Kollmorgen : Nous avons tous été victimes des évènements. La situation était exceptionnelle : confrontée aux événements de Hongrie et à la détresse humaine, Angela Merkel a décidé d’ouvrir les frontières – guidée par une vision humaniste chrétienne et un sens des responsabilités largement inspiré par notre prospérité. Il est important de le comprendre. Merkel est une scientifique, elle a grandi en RDA, dans une famille protestante et, a évolué après 1989 dans une culture politique majoritairement ouest-allemande, entre CDU, SPD et Verts. Elle n’a donc pas de biographie « typiquement est-allemande ». Cela explique en grande partie pourquoi elle n’a pas évalué la situation de la même manière que la majorité des Allemands de l’Est.

 

Angela Merkel lors de la conférence Supporting Syria organisée à Londres, 4 février 2016 (Copyright : Wikimedia Commons
Angela Merkel lors de la conférence Supporting Syria organisée à Londres, 4 février 2016 (Copyright : Wikimedia Commons

 

dokdoc : Vous dites « elle n’a pas évalué la situation de la même manière ». Aujourd’hui, nombreux sont ceux qui affirment qu’elle s’est trompée.

 

Kollmorgen : De nombreux responsables politiques partageaient à l’époque la même analyse ou ont pris, en 2015 et dans les années qui ont suivi des décisions qui se sont ensuite révélées problématiques. Les critiques ne visent donc ni Merkel personnellement, ni la décision qu’elle a prise à l’été 2015. On lui reproche surtout d’avoir prolongé l’ouverture des frontières sans que des solutions cohérentes n’aient été élaborées en parallèle au niveau européen ou que des politiques efficaces aient été mises en place aux frontières extérieures ou en matière de répartition des réfugiés. Par ailleurs, dans les domaines des services publics, du logement, du marché du travail et de l’intégration, les mesures pour accueillir et intégrer correctement plus de trois millions de réfugiés ont été trop limitées. Et c’est précisément pour ces raisons que le sujet continue d’alimenter le débat – et qu’il continuera vraisemblablement à le faire dans les prochaines années.

 

Interview : Landry Charrier

 

L’auteur

Raj Kollmorgen (Copyright : HS Zittau/Görlitz)
Raj Kollmorgen (Copyright : HS Zittau/Görlitz)

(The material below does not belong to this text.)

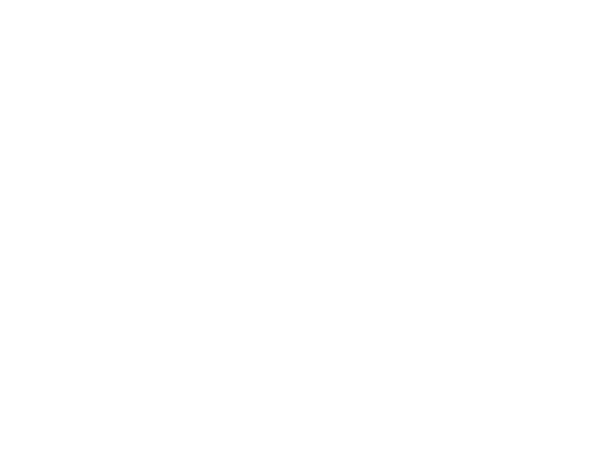 BobSchneider.LOGO.600×450.white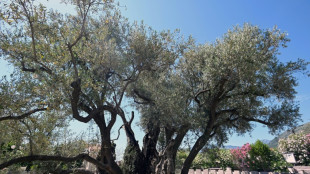 Reviving Montenegro's 'ancient' olive tree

Raj Kollmorgen est professeur de sociologie et de gestion du changement social à la Hochschule Zittau/Görlitz et directeur de l’Institut pour la transformation, le logement et le développement social de l’espace (TRAWOS) qui y est rattaché. Depuis de nombreuses années, il mène des recherches et publie sur l’Allemagne de l’Est, la réunification allemande ainsi que sur le développement de la démocratie, le populisme politique et le radicalisme.